Artikel 10: Besloten vergadering - geheimhouding

Op grond van de belangen genoemd in artikel 10 van de Wet Openbaarheid van Bestuur over de geheimhouding van de inhoud van stukken is het bepaalde in artikel 23, leden 1 tot en met 4 van de Wgr van toepassing. In een besloten vergadering van het algemeen bestuur worden geen besluiten genomen over het de begroting met de beleidsmatige en financiële meerjarenramingen, begrotingswijzigingen, de jaarstukken en het liquidatieplan.

HOOFDSTUK 4: HET DAGELIJKS BESTUUR

Artikel 11: Samenstelling

  • 1.

    Het dagelijks bestuur bestaat ten minste uit een voorzitter en twee leden.

  • 2.

    De leden van het dagelijks bestuur worden aangewezen door en uit het algemeen bestuur. Zij worden aangewezen in de eerste vergadering van het algemeen bestuur nadat in overeenstemming met artikel 9 de leden van het algemeen bestuur zijn aangewezen.

  • 3.

    Er dient een vertegenwoordiger uit de gemeente Hulst, Sluis en Terneuzen te worden aangewezen.

  • 4.

    De aanwijzing van leden van het dagelijks bestuur ter vervulling van plaatsen die openvallen, vindt plaats binnen twee maanden na de melding van de opengevallen plaats.

  • 5.

    Het dagelijks bestuur heeft minder leden dan de helft van het algemeen bestuur.

  • 6.

    De gemeentesecretaris van de deelnemende gemeente wiens representant het voorzitterschap van de regeling bekleedt, wijst een (ambtelijk) secretaris aan.

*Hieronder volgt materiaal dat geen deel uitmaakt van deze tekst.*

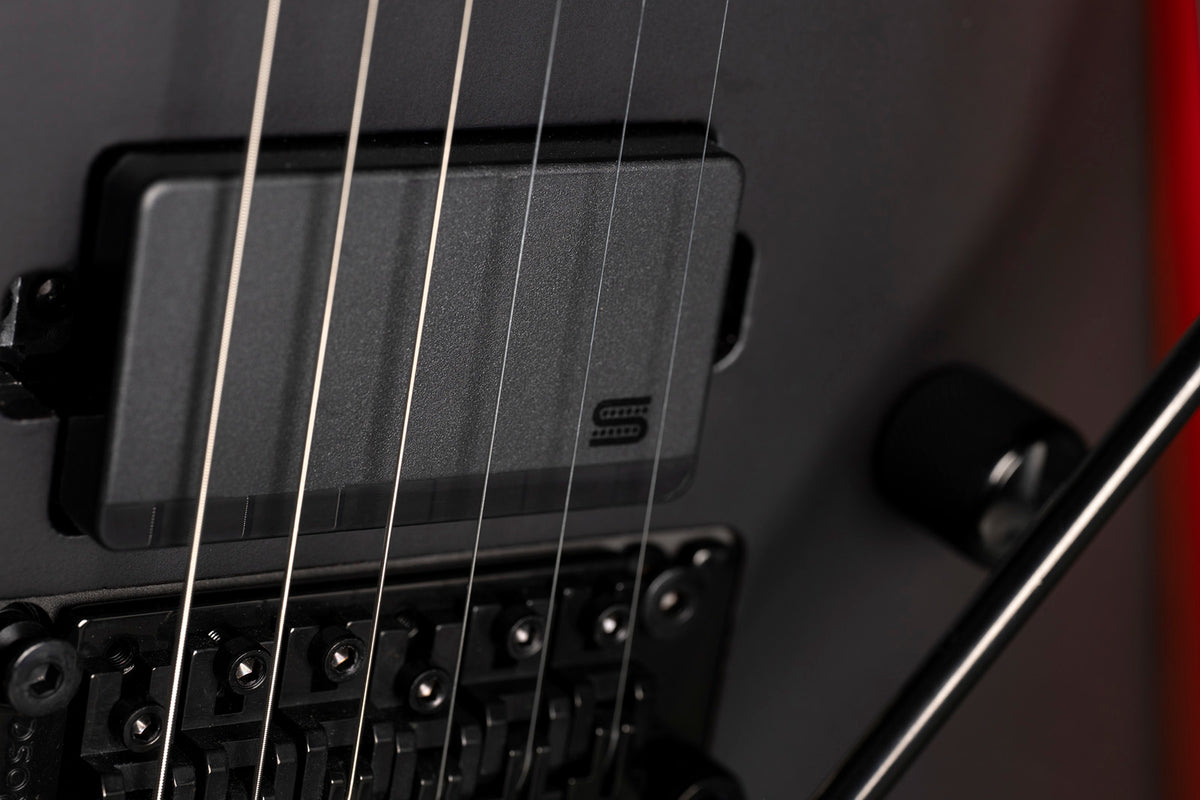 Arrow Black Metal Schwarz-Rot-Verlauf Seidenmatt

De secretaris neemt zonder stemrecht deel aan de vergaderingen van het algemeen en dagelijks bestuur.

  • 7.

    De secretaris is verantwoordelijk voor het (doen) notuleren van de vergaderingen en het (doen) voeren van de administratie. Behoudens mandaat worden alle van het algemeen en dagelijks bestuur uitgaande stukken door de secretaris medeondertekend.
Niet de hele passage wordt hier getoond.